Splitting a text file into sentences

Looking for ideas on how to split a text file into sentences. I see the
problem of basing the split on [.!?] -- they're also used in ways other
than to end a sentence. If I have to do manual pre-processing of the
text file, what editing might I do? Has anyone had to deal with this
problem and how did you make life easier for you?
Thanks for the help.
basi

Doing really, really good sentence boundary detection is an on-going problem in natural language processing. I'm not aware of any Ruby-based NLP packages, but if you want better accuracy than just using [.!?:] there are several free NLP packages around (NLTK in Python, and Stanford's Java NLP package spring to mind) that might help you. A googling of "sentence tokenization" may also yield some help.

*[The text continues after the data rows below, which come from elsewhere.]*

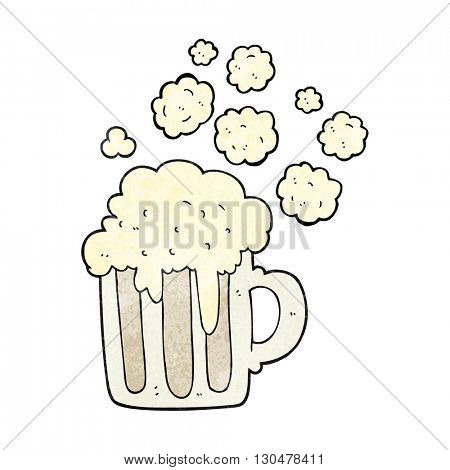 freehand textured cartoon foamy beer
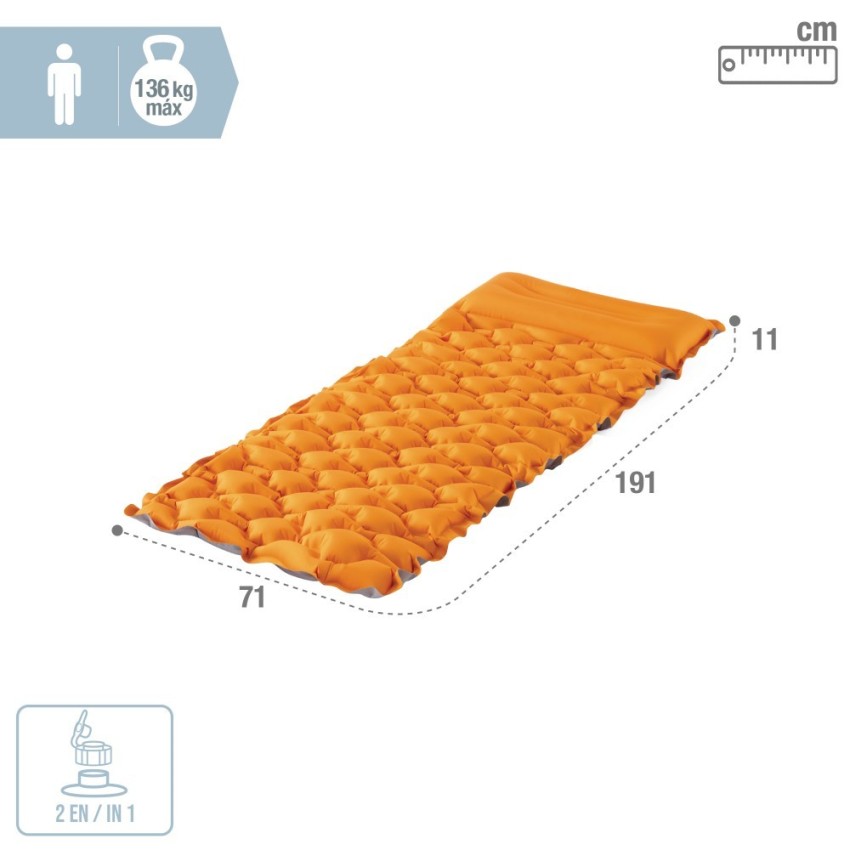Colchón hinchable camping duradero y ligero para 1 | INTEX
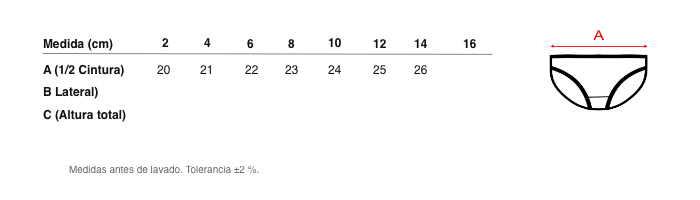 Medidas reales de 5520 BRAGUITA LISA ALGODÓN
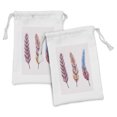 thumbnail image 1 of Feather Fabric Pouch Set of 2, Graphic of Hand Painted Watercolor Bohemian Items Colorful Abstract Plumes, Small Drawstring Bag for Toiletries Masks and Favors, 9" x 6", Multicolor, by Ambesonne, 1 of 2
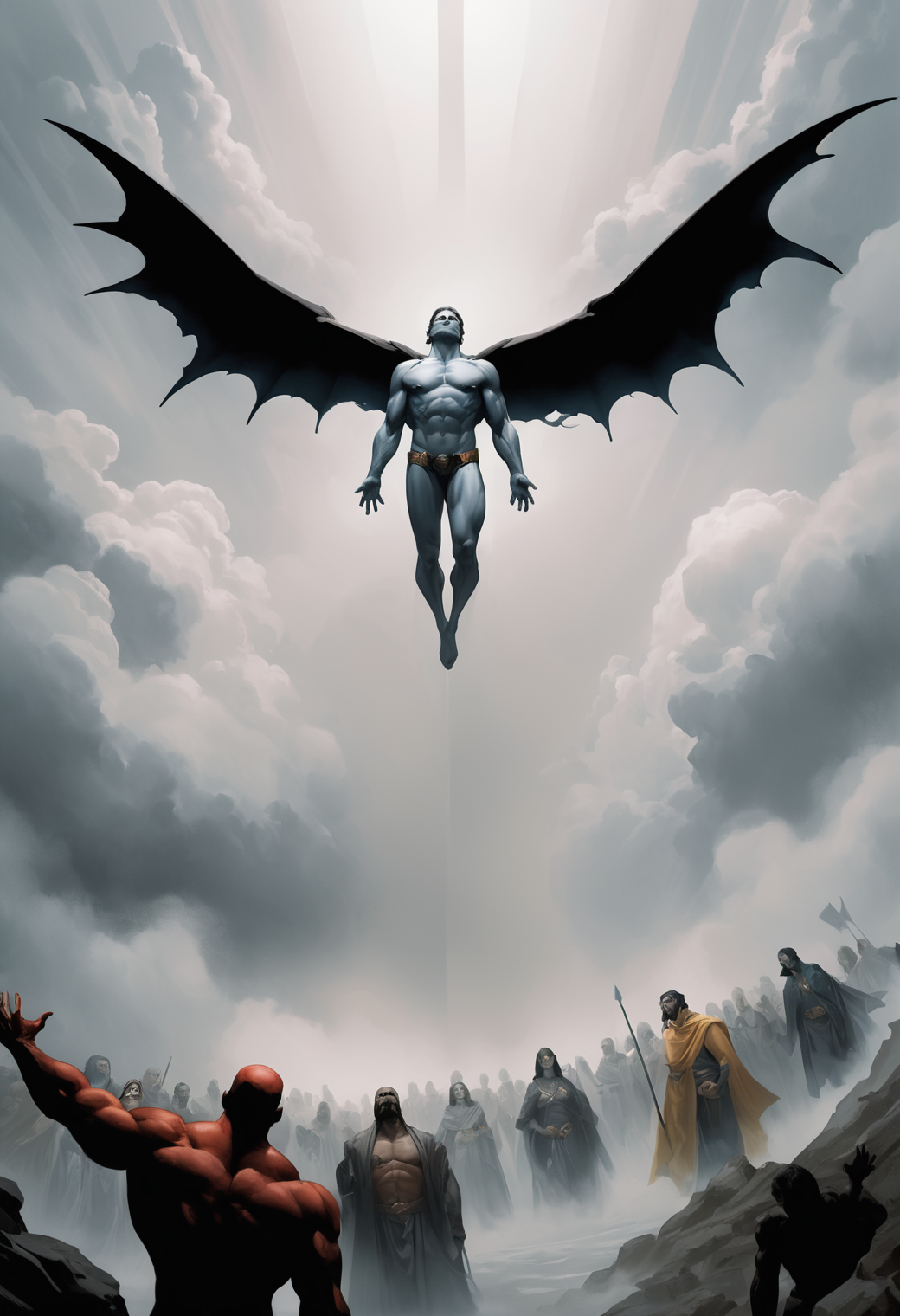 art by Stuart Immonen, wide angle of a Awful "The Creation of Joy", Foggy, deep focus, 800mm lens, Highres, wallpaper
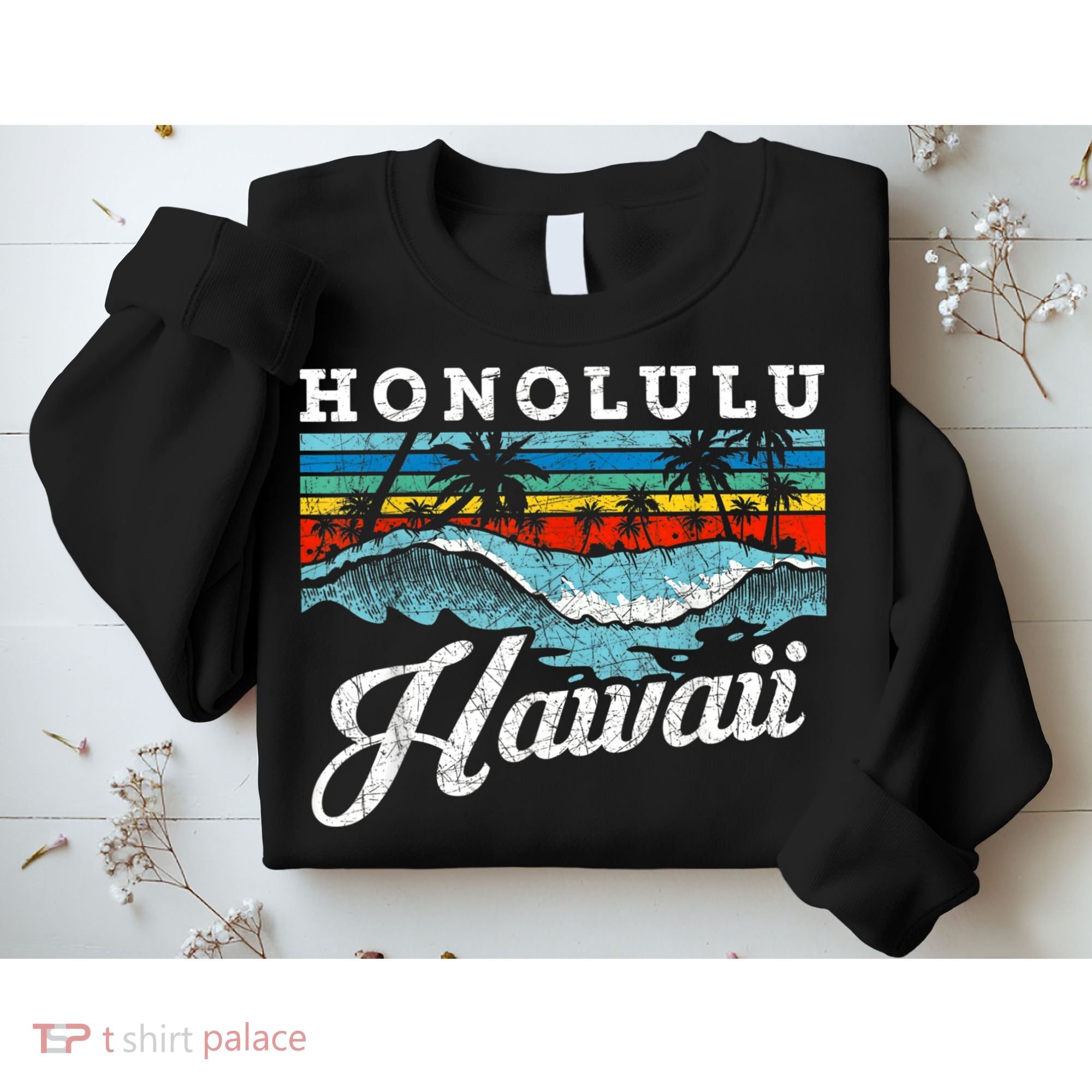 Waves Beach Honolulu Hawaiian Summer Surfing Retro Hawaii Sweatshirt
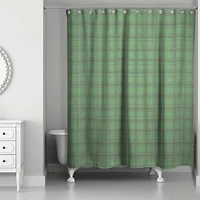 Green Plaid Pattern Shower Curtain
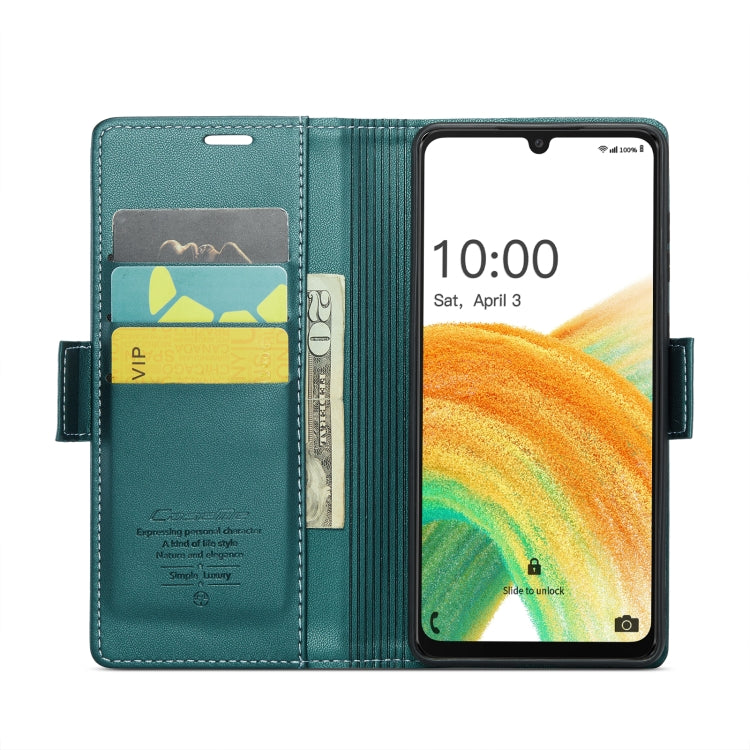 For Samsung Galaxy A33 5G CaseMe 023 Butterfly Buckle Litchi Texture RFID Anti-theft Leather Phone Case(Pearly Blue)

If that sounds like overkill, then you can get accuracy "good enough for government work" by making a list of regular expressions to catch exceptions to the punctuation rule. These will necessarily vary a little depending on your source text, but a typical examples are catching titles like "Mr.", "Mrs." "Dr.", and all-caps abbreviations like "U.S.A." or "M.D." (something like this: /([A-Z]\.([A-Z]\.)+/)

good luck,
matthew smillie.

···

On Nov 29, 2005, at 23:49, basi wrote:

Looking for ideas on how to split a text file into sentences. I see the
problem of basing the split on [.!?] -- they're also used in ways other
than to end a sentence. If I have to do manual pre-processing of the
text file, what editing might I do? Has anyone had to deal with this
problem and how did you make life easier for you?
Thanks for the help.
basi

----
Matthew Smillie <M.B.Smillie@sms.ed.ac.uk>
Institute for Communicating and Collaborative Systems
University of Edinburgh

I dimly recall something on this list about 9 months ago or so.

Nick

···

On 11/29/05, basi <basi_lio@hotmail.com> wrote:

Looking for ideas on how to split a text file into sentences. I see the
problem of basing the split on [.!?] -- they're also used in ways other
than to end a sentence. If I have to do manual pre-processing of the
text file, what editing might I do? Has anyone had to deal with this
problem and how did you make life easier for you?
Thanks for the help.
basi

--
Nicholas Van Weerdenburg

basi wrote:

Looking for ideas on how to split a text file into sentences. I see the
problem of basing the split on [.!?] -- they're also used in ways other
than to end a sentence. If I have to do manual pre-processing of the
text file, what editing might I do? Has anyone had to deal with this
problem and how did you make life easier for you?

It's a common convention to separate sentences by double spaces. I started following this convention because Emacs expected it, and now I use it always.

basi_lio wrote:

Looking for ideas on how to split a text file into sentences. I see the
problem of basing the split on [.!?] -- they're also used in ways other
than to end a sentence. If I have to do manual pre-processing of the
text file, what editing might I do? Has anyone had to deal with this
problem and how did you make life easier for you?
Thanks for the help.
basi

If you make a regexp: [.!?]\s+[A-Z] you will already capture most. Most
Abbreviations normally aren't followed by a space/capital letter.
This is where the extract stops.